Рушан, конечно, помог ему устроиться. Был Женя в то время рослым, статным, удивительно обаятельным парнем, таким и остался в памяти...
Вскоре Рушан уехал из родных мест и лишь изредка, наездами, бывал в гостях у родителей. Помнится, в один из таких дней поехали на речку Илек, тогда еще полноводную, не загаженную сбросами заводов. Братва в основном подобралась шоферская, и когда стали вспоминать давние годы, вдруг всплыла фамилия того мальчика, -- оказывается, он работал в городской ГАИ.

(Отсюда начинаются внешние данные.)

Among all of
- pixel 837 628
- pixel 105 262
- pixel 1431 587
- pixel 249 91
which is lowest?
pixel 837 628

Они никогда не были ни друзьями, ни врагами. Их жизни, интересы не пересекались, если не считать, что оба были земляками, выходцами из бедного пристанционного поселка, который и для Рушана, и для Жени -- та самая малая родина, куда их иногда тянет с неодолимой силой и тоской.
Наверно, иногда вспоминаются ему летние ночи в сонном поселке, когда высокий лунный свет скрадывает убожество запущенных улиц, и пыльные, сомлевшие от азиатской жары палисадники с завядшей сиренью и отцветшей акацией кажутся прекрасной декорацией к какой-то другой, нездешней жизни. А быть может, видится зима с ее снегопадами, улицами в сугробах, и теплые огоньки за стеклами прихваченных морозом окон, и как тянутся к стылому небу синие струйки дыма. И, наверно, хоть раз в жизни да пришло на ум, что определение из пушкинской строки -- "дым отечества" -- и есть эта хилая струйка дыма из обвалившейся печной трубы отчего дома.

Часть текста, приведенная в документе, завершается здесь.